Takada Castle can be found in the city of Joetsu, near the Sea of Japan coast. Built in 1614 by Tadahiro Matsudaira, son of the famous Tokugawa Ieyasu, Takada Castle was an Edo period flatland castle located on sprawling grounds. The location was chosen to utilize the natural defence provided by the Seki River, which helped form the outer moat and demarcated the perimeter of the 60 hectare grounds.
A hasty build
Takada Castle’s construction was purportedly rushed, as the feudal lords involved were preparing for battle with the Toyotomi Army. Historical opinions differ, but it took roughly four months to complete. Because of these time constraints, corners were, indeed, cut. There was no tenshukaku central tower and earthworks were used in favour of stone walls, for defence.
Though much of the grounds have been demolished and repurposed, you can still see the earthworks around the ‘honmaru’ (core of the castle). This raised grassy land elevates the triple turret building to the sky.
Destroyed, dismantled, rebuilt
The original castle looked quite different to what we see today. For starters, there were two moats, three ‘circles’ of defence and multiple buildings on the grounds. The original corner tower also featured a much simpler double turret design.
Unfortunately, over time, a number of earthquakes and devastating fires claimed the original castle as well as later reconstructions. This is a familiar story in Japanese history. So, too, is the 1872 Meiji Government edict to dismantle these remnants of the warring days. As per instruction, most of what remained of the castle was flattened, filled in and repurposed to make way for a new era in Japan.
And so the history lay dormant in the soil until 1991, when the locals of Joetsu requested it be rebuilt. The research and excavation was extensive; many drawings and historical documents were used as a reference to rebuild the corner tower (yagura). It faithfully resembles one of its later iterations with triple turrets.

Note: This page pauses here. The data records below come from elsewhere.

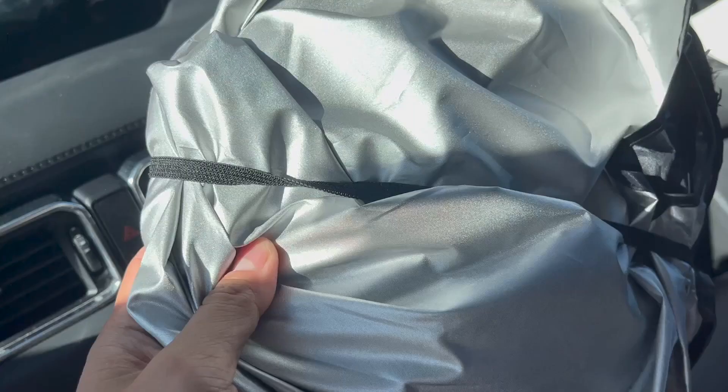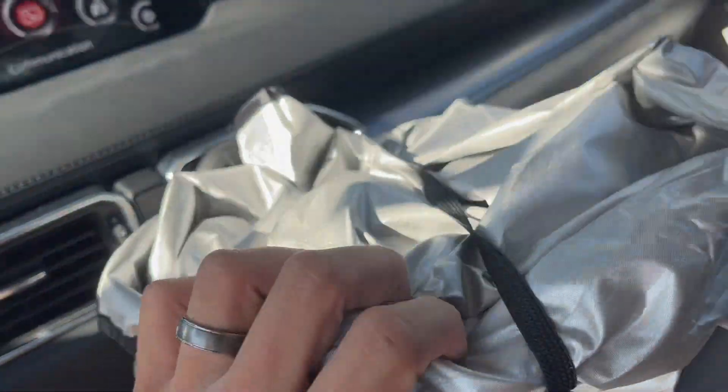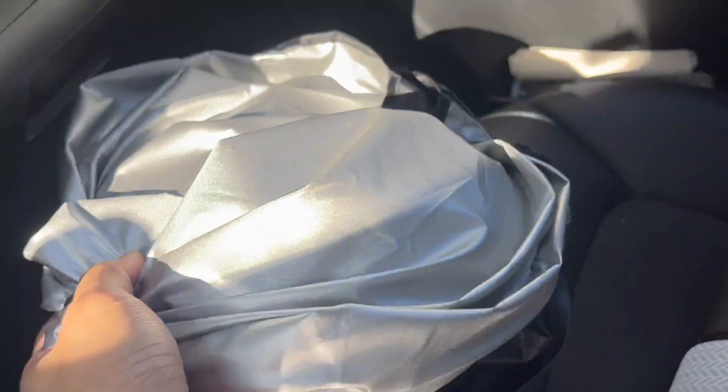Right now I'm going to take it down and show you what it looks like. You just got to fold it up like this. So this is what it looks like once you fold it up. It has this little strap, which you can use to strap it up as well, so it's super convenient.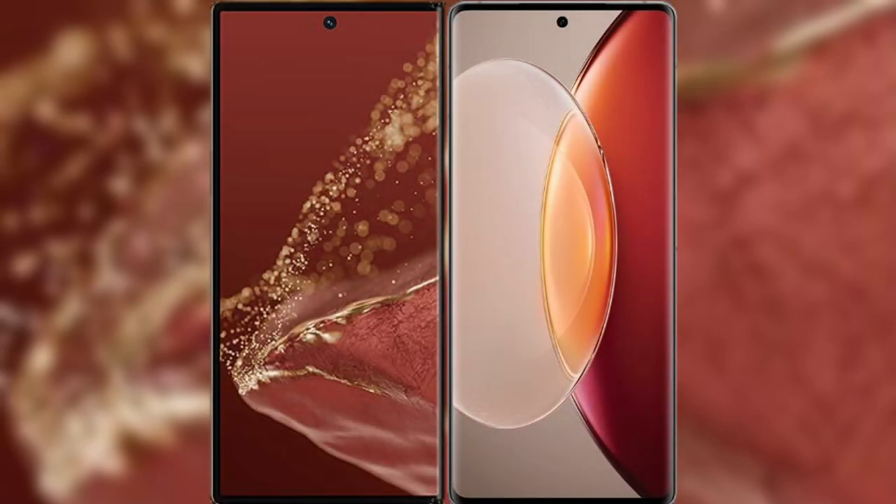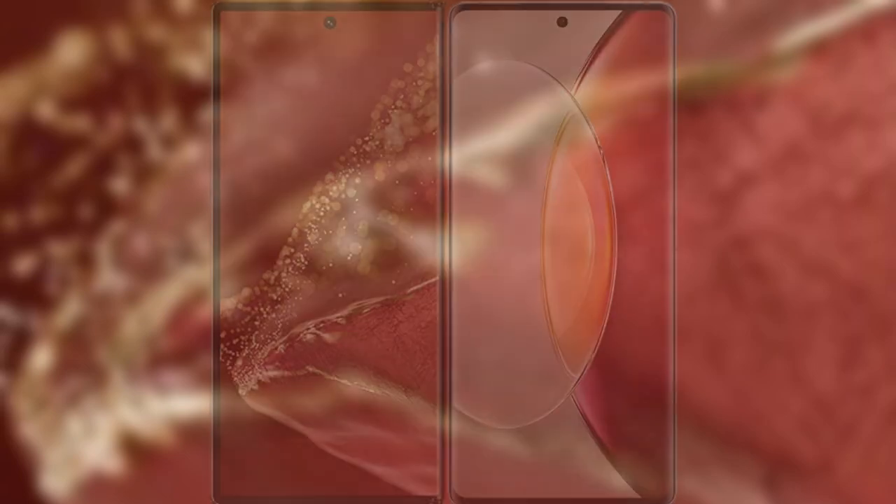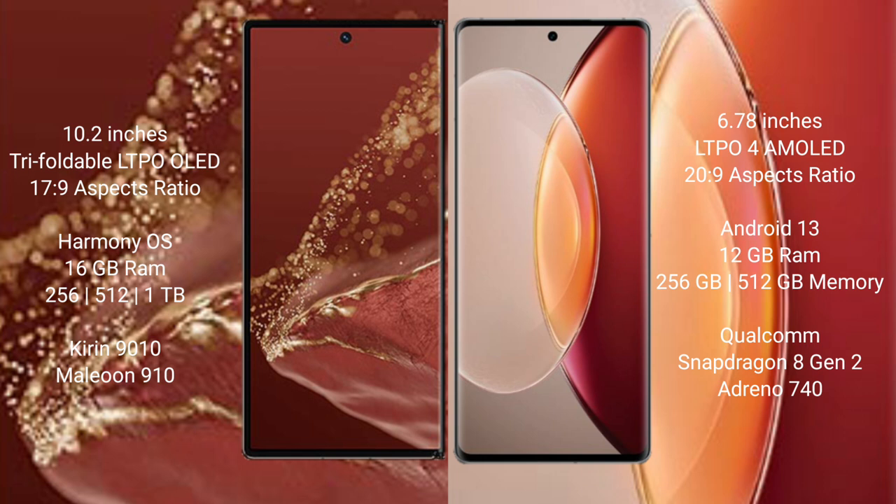I will compare the new Huawei Mate X2 Ultimate with the Vivo X90 Pro Plus. The Huawei Mate X2 Ultimate features a 10.2-inch triple foldable LTPO LED display with a Successor 17.9, while the Vivo X90 Pro Plus features a 6.78-inch LTPO AMOLED display with a Successor 20.9.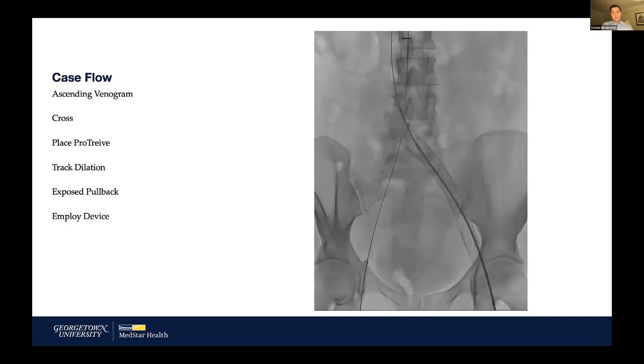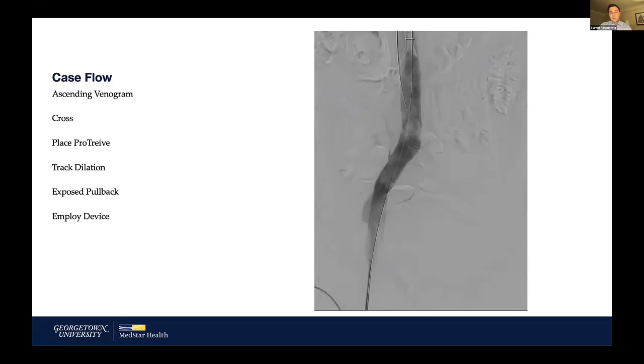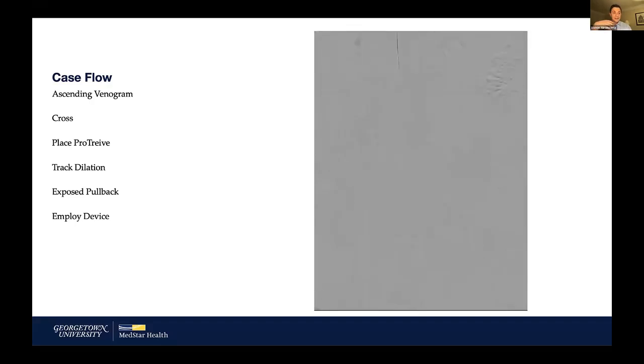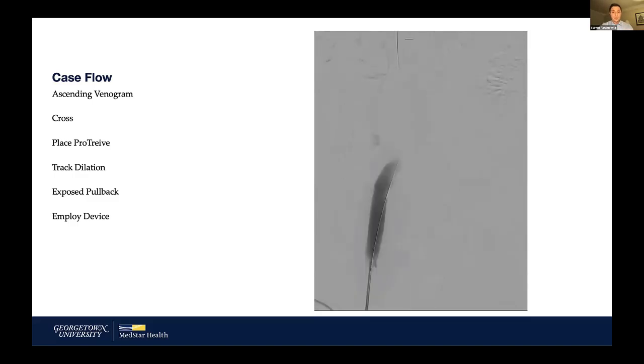You want to go until there's resistance, pass all the way through when there's not, and keep moving back and forth. Mid-case, I started to see material being generated — sheets of material and small chunks, but not big pieces. It's more like thin sheets being shaved off, like that cheese slice. You can see it gathering at the distal margin of the stent and up in the Protrieve sheath.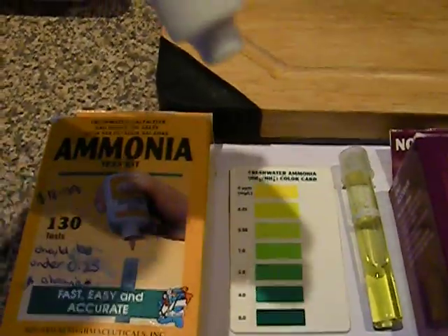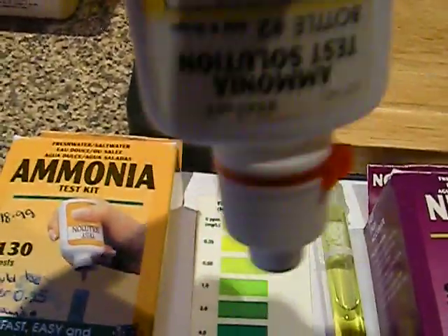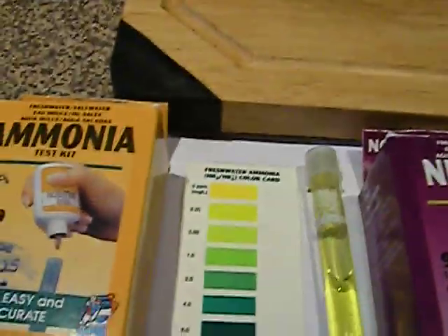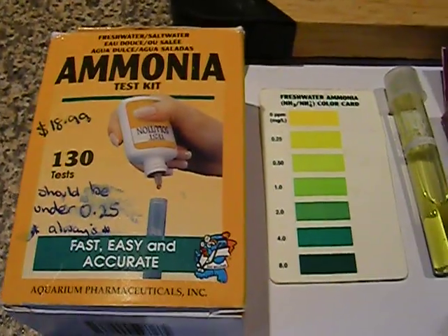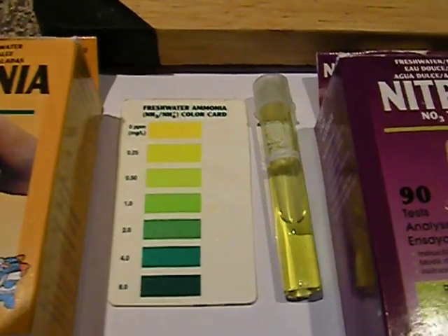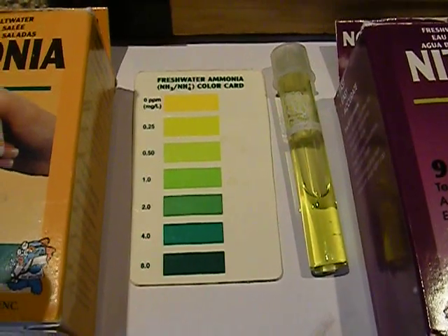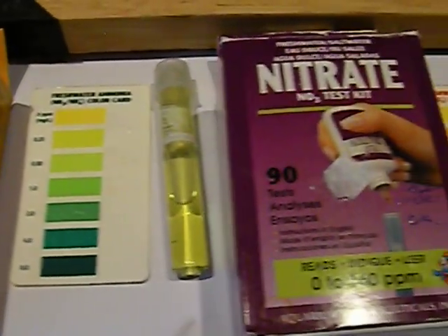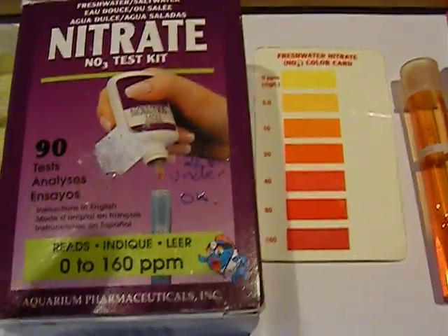These basically you fill the tube with water and drop the amount suggested into the tube to give you the change of color. A bit more fiddly, but I think the test result is well and truly worth that bit of extra mucking about. This is your ammonia test kit.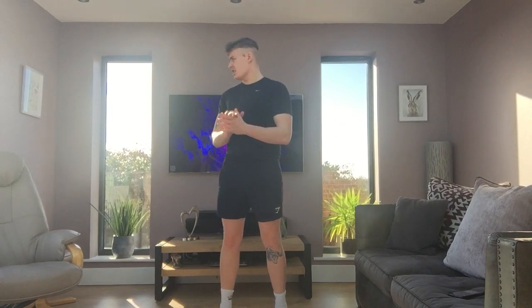Welcome back to my YouTube channel. This is Monday's lesson, the start of a new week. Very sunny as you can see. So we're going to start off the week with our five minute workout.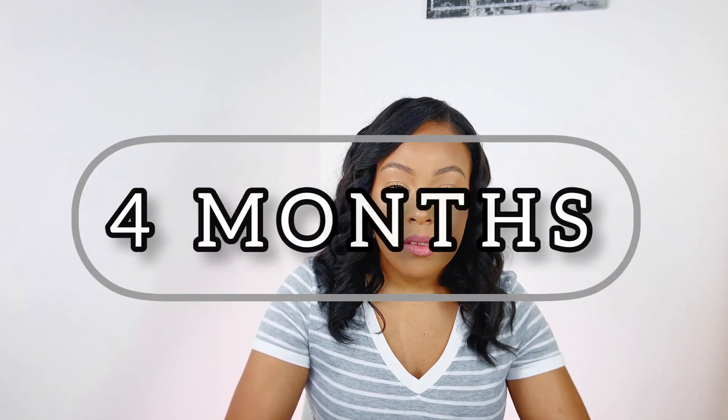What's up, it's your girl Nikki Sparks, welcome back to my channel and if you're new here, thank you for stopping by. Today's video is me telling you guys how I managed to stretch my relaxed hair up to four months with no breakage and no major struggle.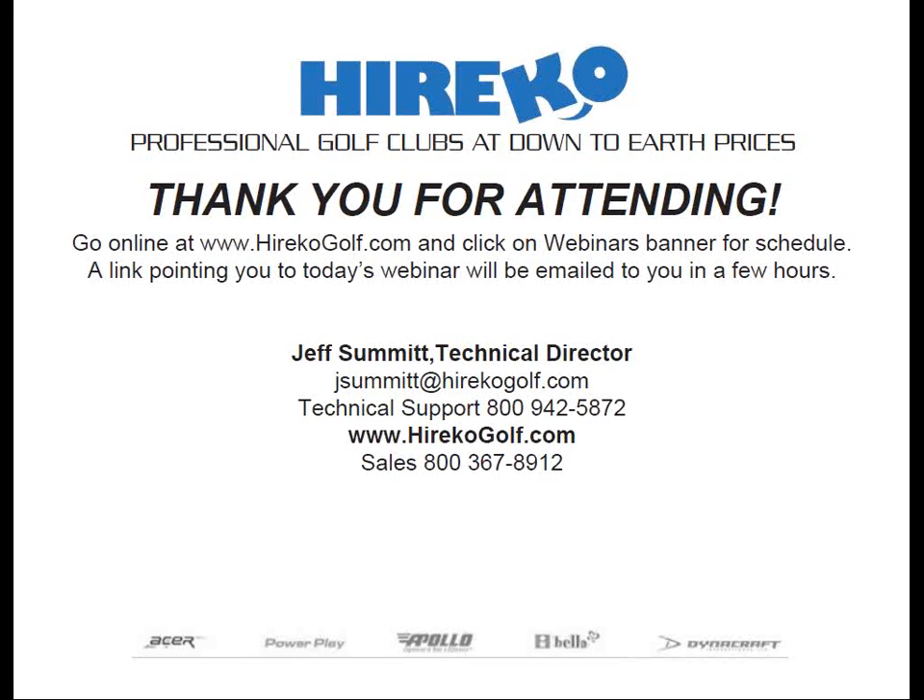Any other questions out there? I know we've got almost 100 people on today's meeting. Don't be shy. If not, we might have to just wrap it up here, Jeff. Did you have any last words? No, that was pretty much it today. All right guys, thanks so much for being with us, and have a great weekend, everyone.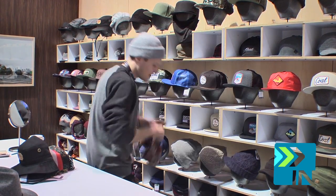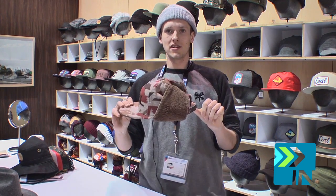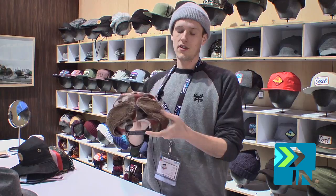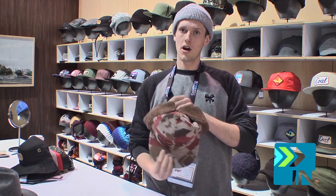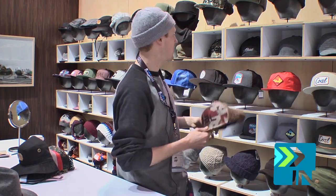We've also got some more multi-purpose hats, like the Stevens here. For the kids who are riding up at Hood, you've got the shearling ear flaps, which you can rock up and Velcroed, or down and around your chin for the extra warmth. And then a nice fleece base around it.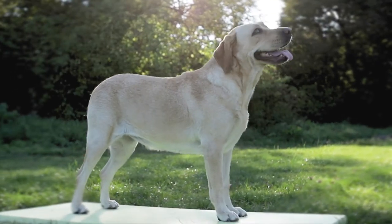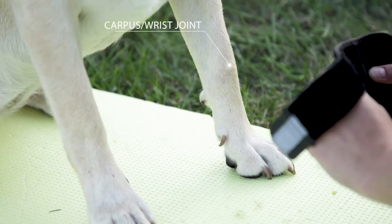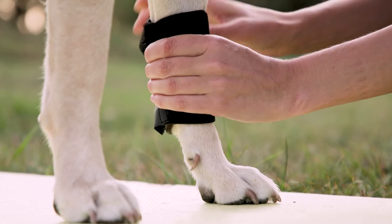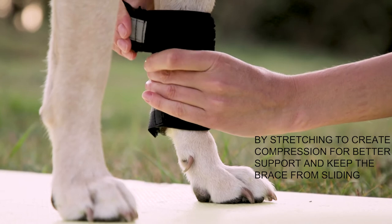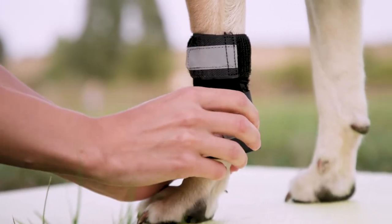Vets strongly recommend wearing braces on both legs. With your dog sitting or standing, wrap the left brace on the left leg above the foot. Cover the carpus or wrist joint. Make sure the two metal spring strips are on each side of the leg. Stretch the brace, tightly wrap around, and fasten the top strap first, then stretch and fasten the bottom strap.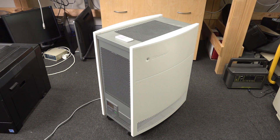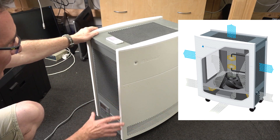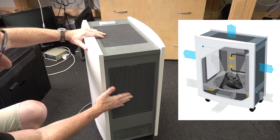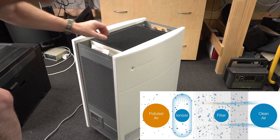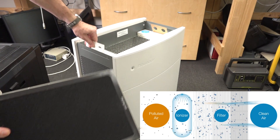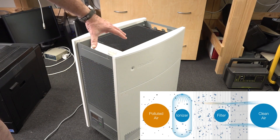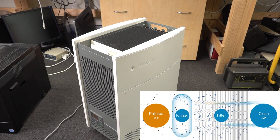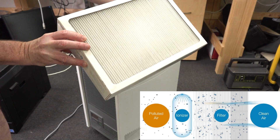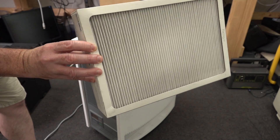Every air purifier will have an inlet port and an outlet port. On this particular one, the inlet ports are down the bottom on the sides all around, and the outlets are up the top and on the side. There are two different technologies used to purify air — one complements the other. Basically, every air purifier should contain filters. It has a big fan that sucks air in from the inlet port, forces it through the filter material, and then out into the air. The HEPA filter material is what captures all the particles.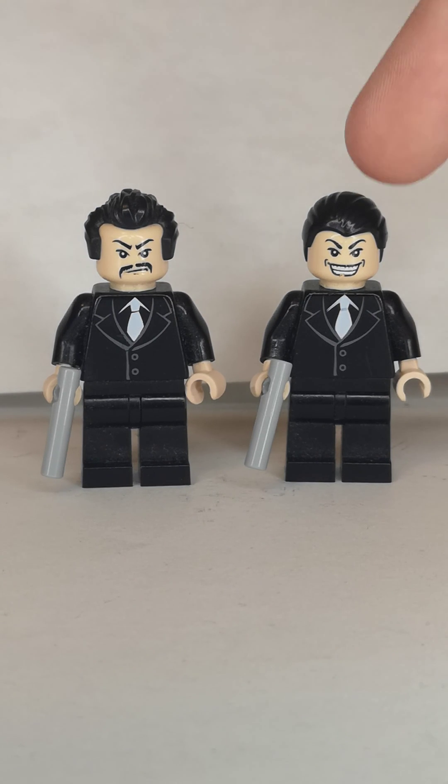Next one is Mola Ram. I did some upgrades, using these legs from the Imperial Gunners from Lego Star Wars.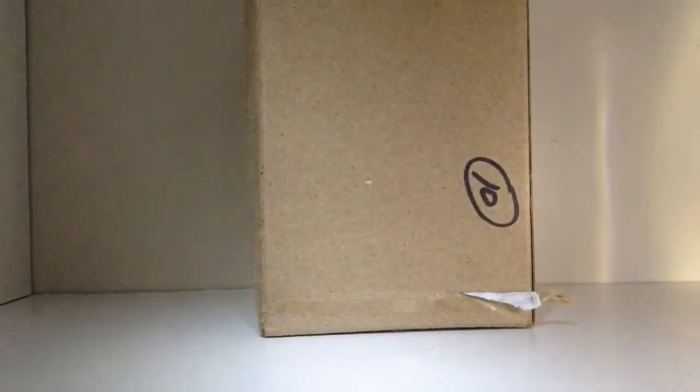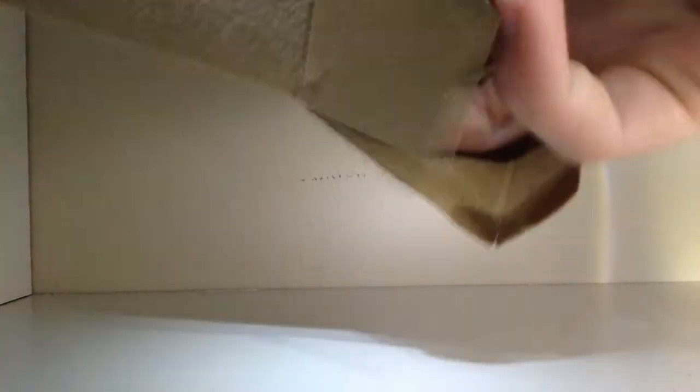I'm going to open this real quick and then come back. I think I've got all the tape off. He pulled a Bricks for Chris and put like four pounds of tape on it — he probably paid more than he needed to for shipping because of the tape.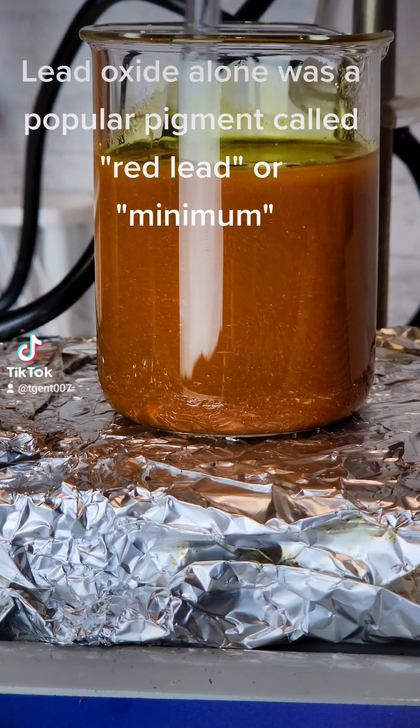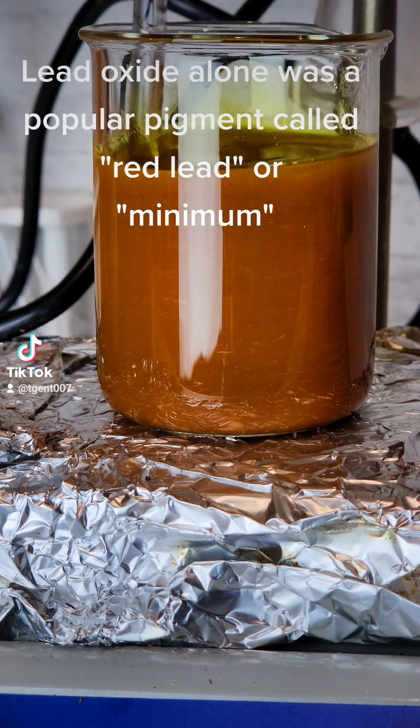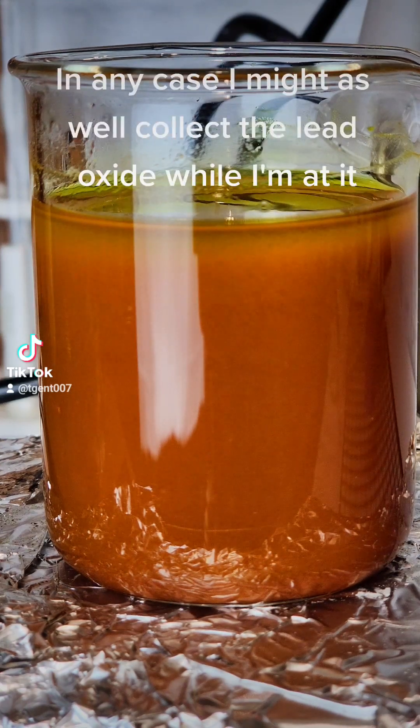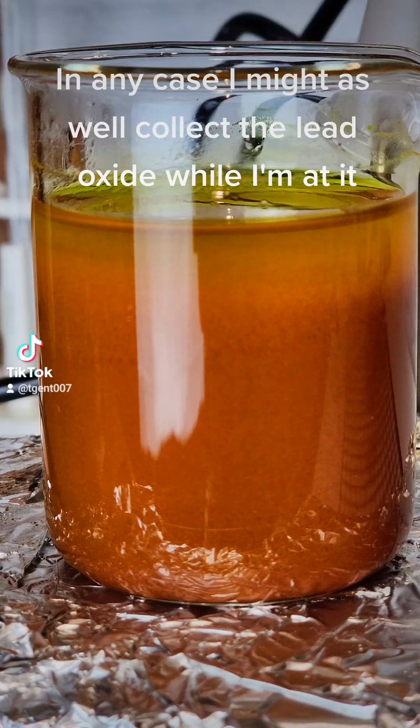Lead oxide alone was a popular pigment called red lead, or minimum. Red lead was used in medieval artwork. In any case, I might as well collect the lead oxide while I'm at it.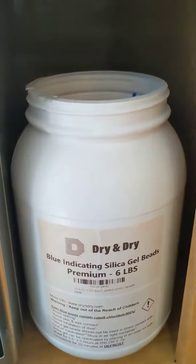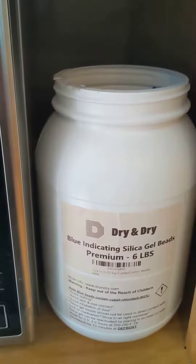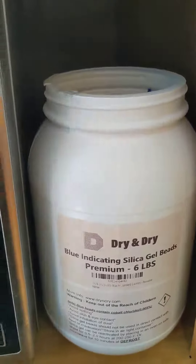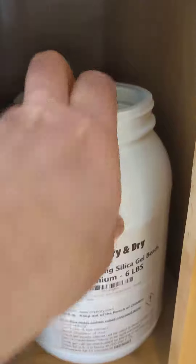However, the preference of course is to buy a commercial indicating silica product that you can regenerate, so that you know when it's drying and when it's not, and reuse it.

At night, the tower is illuminated, earning it a spot on the ‘top three castle night views’ list, along with Osaka and Kochi castles.
Though the tower, earthen wall and moat are a wonderful window into the past, there’s more to be gleaned inside. For a small entry fee, you can explore the exhibit which features many maps, models, photographs and feudal artefacts such as armour and roof tiles.
From the top floor, you can even enjoy a panoramic view of the surrounding park.
Listed as one of ‘Japan’s Top 100 Historical Parks’ Takada Park is located in the heart of Joetsu and spans a whopping 50 hectares. Besides the triple turret tower, there are also museums, a library, sports stadiums, playgrounds, statues and glorious nature.
Designed to be beautiful in any season, an autumn visit yields a show of fiery reds and yellows in Takada Park.
Summer is the time to see a stunning array of lotus flowers in full bloom. But in spring, Takada park makes another, much more exclusive list; it is one of the three most beautiful places to see cherry blossoms at night in Japan. The 4,000 Somei Yoshino cherry trees planted after World War II and 3,000 lanterns create a spectacular sight. This “Takada Castle Site Park Cherry Blossom Festival” runs yearly from early to mid-April; it is unquestionably one of Niigata’s premier events.
While the locals of Joetsu no doubt enjoy the peace and quiet of modern times, it’s still nice looking back. Their efforts to keep the feudal history alive, despite natural disaster and government edict, is commendable. Now they can enjoy the best of both worlds; the rich history of the castle in war-free natural surrounds.
Accessing Takada Castle
The main access point is Joetsu Myoko Station. From Tokyo and Nagano, you can get there via the JR Hokuriku Shinkansen. From Kyoto, take the JR Thunderbird along the coast, changing to the JR Hokuriku Shinkansen at Kanazawa.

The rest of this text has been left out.